Let’s take the mouse. It has been invented four decades ago by Douglas C. Engelbart, and since then it became ubiquitous in the design of computer user interfaces (you can watch the first public appearance of the mouse in a series on YouTube). Actually, it has became so ubiquitous that we would have a hard time imagining an interface without a mouse to click our way around.
The first time I used a mouse I was 14 years old, and I still remember the slight initial confusion. It is not really straightforward to get that the horizontal movement gets translated into a vertical movement. And the distinction between left click and right click was again not that obvious given that I had the mouse held only with my right hand.
The interesting part is that if then I had a hard time figuring my way around with the mouse, now I have a hard time figuring my way around without it.
Up to not so long ago, I forgot about my initial stumbling. What made me remember was a pointer of Adrian to the clickless interface. The clickless interface challenges the way we came to perceive the mouse, as it does not allow you to click, while still providing you with the full functionality of the environment. I highly recommend taking a couple of minutes to play with the prototype. I find it a beautiful exercise because it reminds me of a quote from Tom deMarco:
It’s not what you don’t know that kills you, it’s what you know that isn’t so.
Tom deMarco
I believe and hope that after 40 years we are on the verge of rethinking many parts of the user interface design to obtain a completely new way to experience the digital world. I will name here three examples that caught my attention.
The first one is the so called Multi-touch interface that captured the hype this year due to the Apple iPhone. The first public demo was held by Jeff Han at TED 2005 (8 min) and it showed how we can directly interact with the screen with all our fingers. The iPhone put it to a nice but rather limited use to allow the user to zoom, but it was Microsoft that went further along the lines of Han’s demo and built the Microsoft Surface, a fresh and entertaining device. In any case, the innovation here is in the ability to have several points of action simultaneously. In retrospect this sounds like an obvious idea, but a couple of years ago we would not even think about it.
The computer desktop as a reminiscent of the physical desktop is yet another concept that is at the core of the computer user interface design. When the desktop metaphor became popular with the Macintosh, it was a breakthrough over the text interface. Nothing really new happened in the main stream since then, and again we might get tempted to say nothing happened because it is such a good design. At its time it was revolutionary, but in our times more can be done. In the video below (5 min), Anand Agarawala presents BumpTop, a desktop design that takes the physical metaphor to an extreme and provides a joyful experience.

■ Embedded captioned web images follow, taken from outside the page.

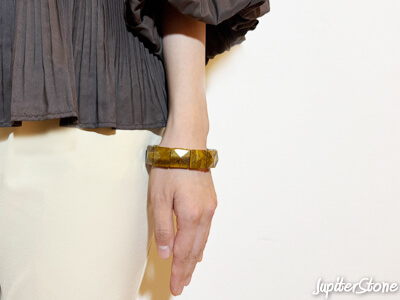 tigers-eye-bracelet-2026-9-d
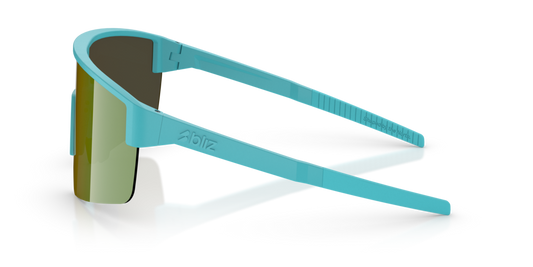 Bliz ZB7022 702211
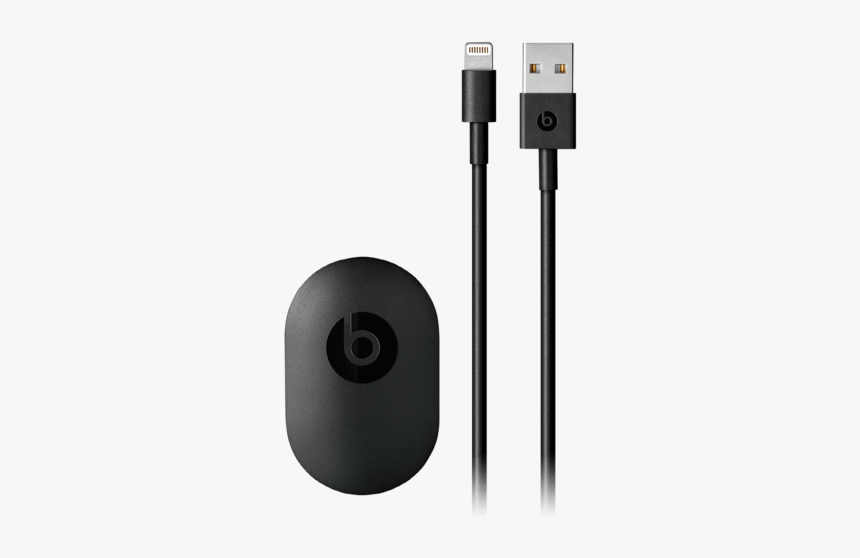 Beats Pill Plus Charging Cable, HD Png Download, Free Download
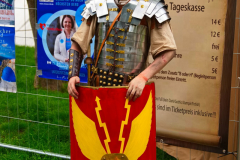 Portraits130823_0064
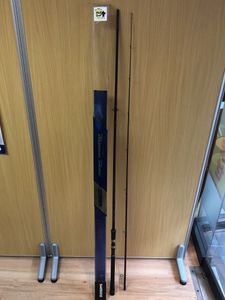 シマノ ムーンショット Sの値段と価格推移は 31件の売買情報を集計したシマノ ムーンショット Sの価格や価値の推移データを公開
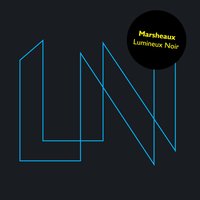 Sorrow - Marsheaux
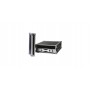 Steinigke Roadinger PR-2 30109784

                                
                                    
                                        
                                            

        Steinigke
                                        
    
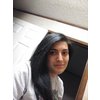 Cuenca sex hookups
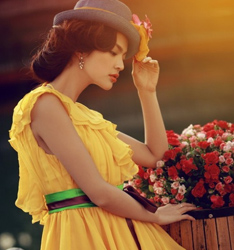 夕
	
		作者：郑导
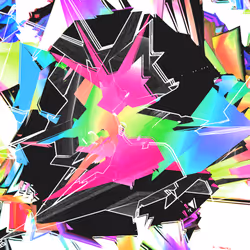 86021057855637269260624233802207259050332570820287378692421362691704975523841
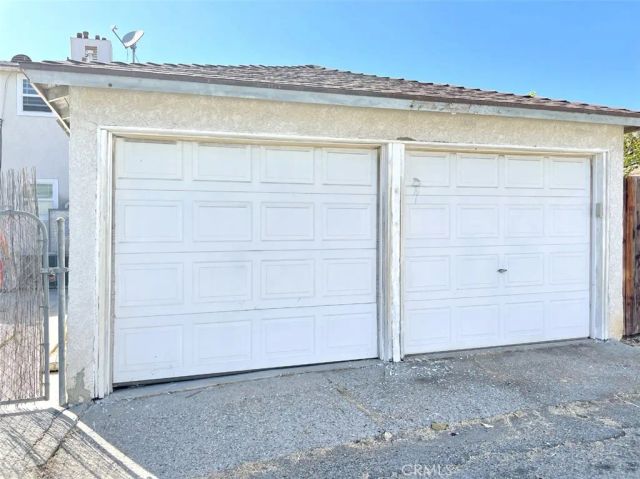 2354 Schoolside, Monterey Park, CA 91754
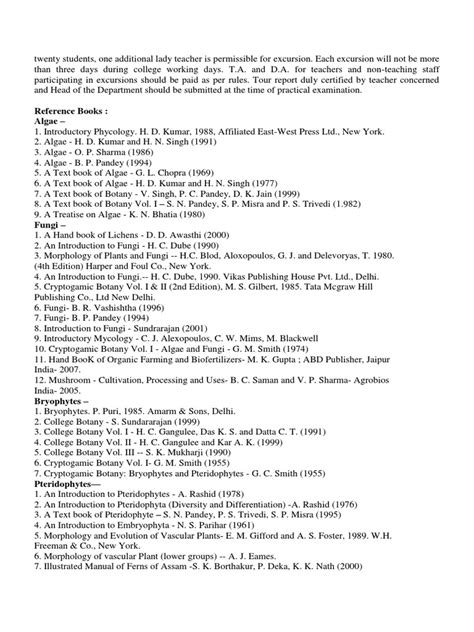 Image result for Reference Page Book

While the previous two designs take the physical metaphor into the digital one, my absolute favorite recent user interface innovation comes from Microsoft under the name of Seadragon and it redefines the way we think of a surface by allowing information to be stored at various levels of zoom granularity. Words can hardly make this idea justice. To get an impression of it, you can watch the first part of Blaise Aguera y Arcas presentation at TED 2007 (8 min). In the second part of the presentation he shows Photosynth which is an incredible algorithm to construct a 3D environment based on 2D pictures.